In sum, clipping serves as a regularizer by restricting the rewards to the policy, which change it dramatically with the hyperparameter $\varepsilon$ corresponds to how far away the new policy can go from the old while still profiting the objective.
GRPO: PPO for DeepSeek
GRPO can be expressed as follows: \begin{align*} \mathcal{J} = \frac{1}{G}\sum_{i=1}^{G} \min \left(\frac{\pi_{\theta}\left(o_i | q\right)}{\pi_{\theta_{\text{k}}}\left(o_i | q\right)} A_i, \text{ Clip}\left(\frac{\pi_{\theta}\left(o_i | q\right)}{\pi_{\theta_{\text{k}}}\left(o_i | q\right)}, 1-\varepsilon, 1+\varepsilon\right) A_{i}\right) -\beta D_{KL}(\pi_{\theta}| \pi_{\text{ref}}). \end{align*}
- GRPO first samples a group of outputs ${o_1, o_2,\dots, o_G }$ from the old policy $\pi_{\theta_k}$
- Then it optimizes the policy model by maximizing the objective
- The KL-divergence is used to restrict the sudden change of policy.
- The advantage can be calculated by averaging and normalizing the rewards.
- Instead of using a value model explicitly, GRPO computes a value of the states (i.e., $o_i$) by averaging them. - Note that $A(s,a) = Q(s,a)-V(s)$
- $\pi_{\text{ref}}$ is the reference model, which is an initial SFT model.
DeepSeek-R1
DeepSeek-R1 is essentially a large language model fine-tuned using reinforcement learning. The process begins with training the DeepSeek-V3 model using the GRPO technique described earlier.

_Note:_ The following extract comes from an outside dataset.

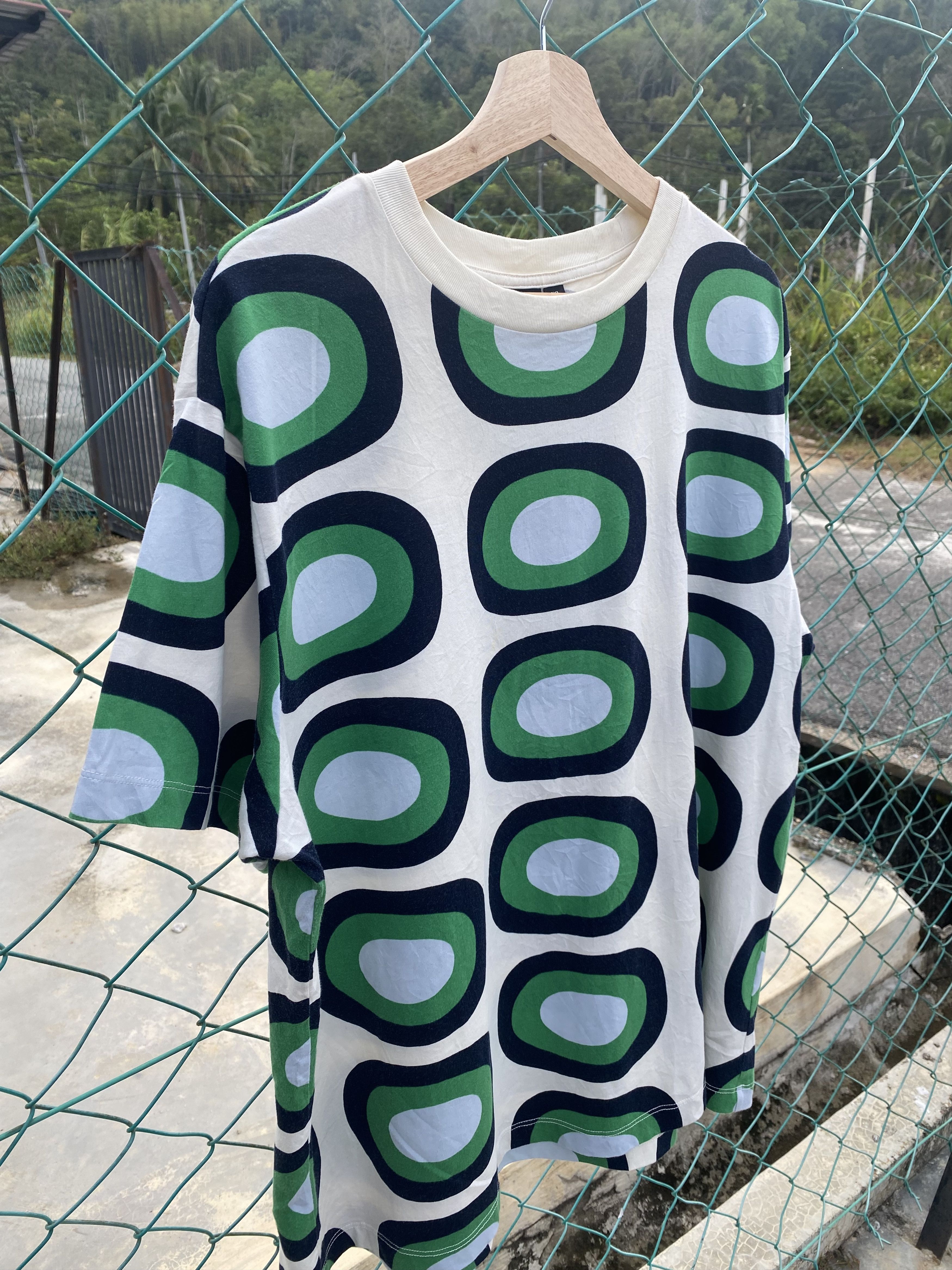 Uniqlo Uniqlo X Marimekko fullprint tee Size US XL / EU 56 / 4 - 4 Thumbnail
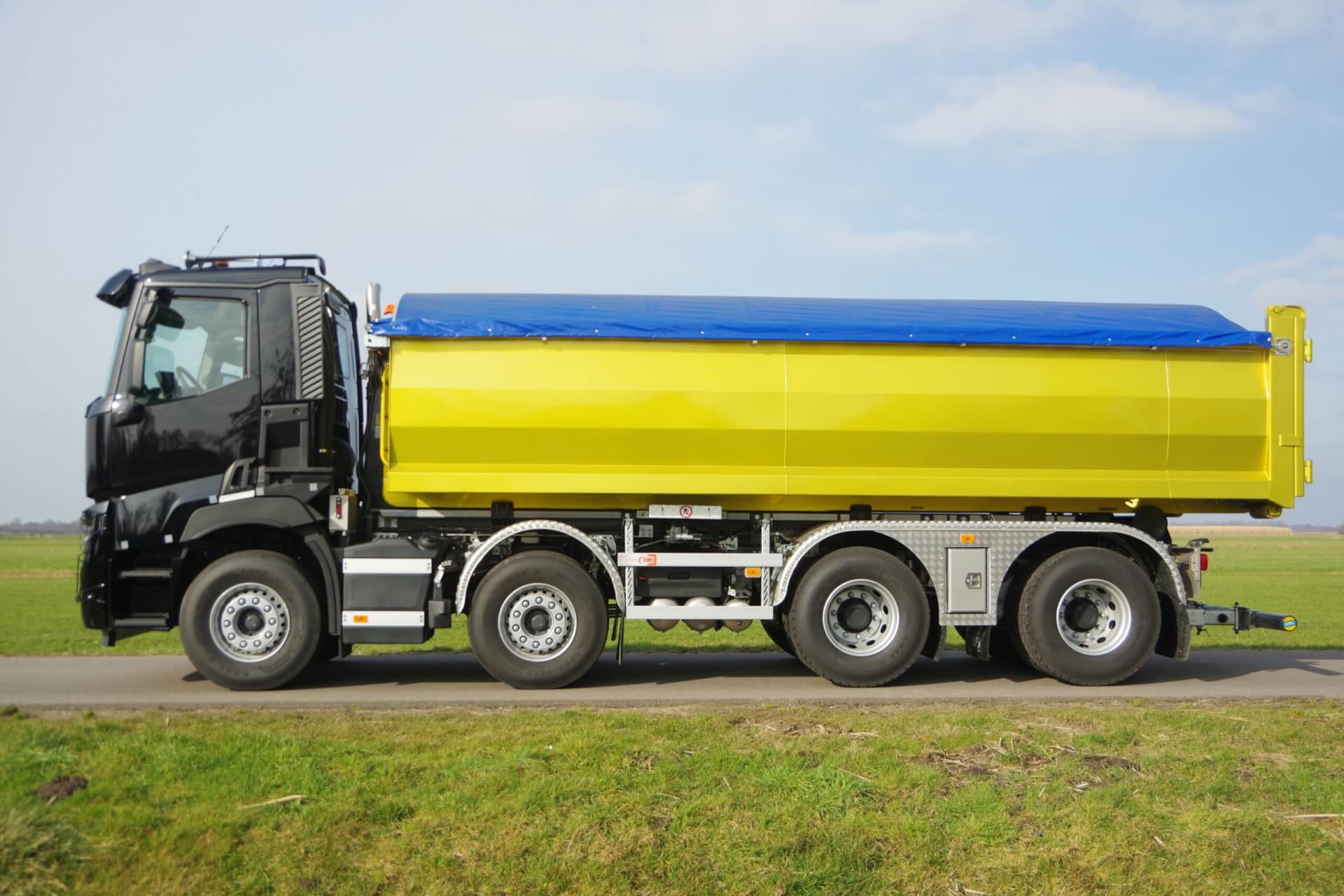 RENAULT_T530 _8x4_Wide-Spread gouden container lz 2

Before applying RL, the model is pre-tuned with a small, carefully curated set of warm-up data designed to encourage logical outputs in a Chain-of-Thought (CoT) format. This preliminary step significantly improves training stability.
Interestingly, DeepSeek’s researchers first experimented with pure RL training—without any supervised signals—which led to the creation of DeepSeek-R1-Zero. Here are some observations from that experiment and my opinions.
DeepSeek R1-Zero
To train DeepSeek-R1-Zero, a rule-based reward signal was adopted. Two types of rewards are used:
- Accuracy rewards: The reward model evaluates whether the response is correct. For example, in math problems with deterministic results, the model is required to provide the final answer in a specified format, enabling reliable rule-based verification of correctness. Similarly, for LeetCode problems, a compiler can be used to generate feedback based on predefined test cases.
- Format rewards: In addition to the accuracy reward model, they employed a format reward model that enforces the model to put its thinking process between
<think>
and</think>
tags.
Notably, DeepSeek-R1 does not rely on a neural reward model—likely because neural models may not consistently provide reliable rewards for training.
The team also reported an intriguing “aha moment” with DeepSeek-R1-Zero:
“DeepSeek-R1-Zero learns to allocate more thinking time to a problem by reevaluating its initial approach. This behavior is not only a testament to the model’s growing reasoning abilities but also a captivating example of how reinforcement learning can lead to unexpected and sophisticated outcomes.”
However, such behavior appears infrequently. More often, DeepSeek-R1-Zero tends to generate gibberish outputs, which may be attributed to the inherently unstable nature of RL training.
Conclusion
In this post, I’ve introduced some of the core ideas behind the DeepSeek-v3 and R1 models. While their deep learning techniques are undoubtedly interesting, I find their hardware-level engineering particularly more impressive. In my opinion, their success lies in these engineering achievements, and I look forward to exploring this aspect in a forthcoming post.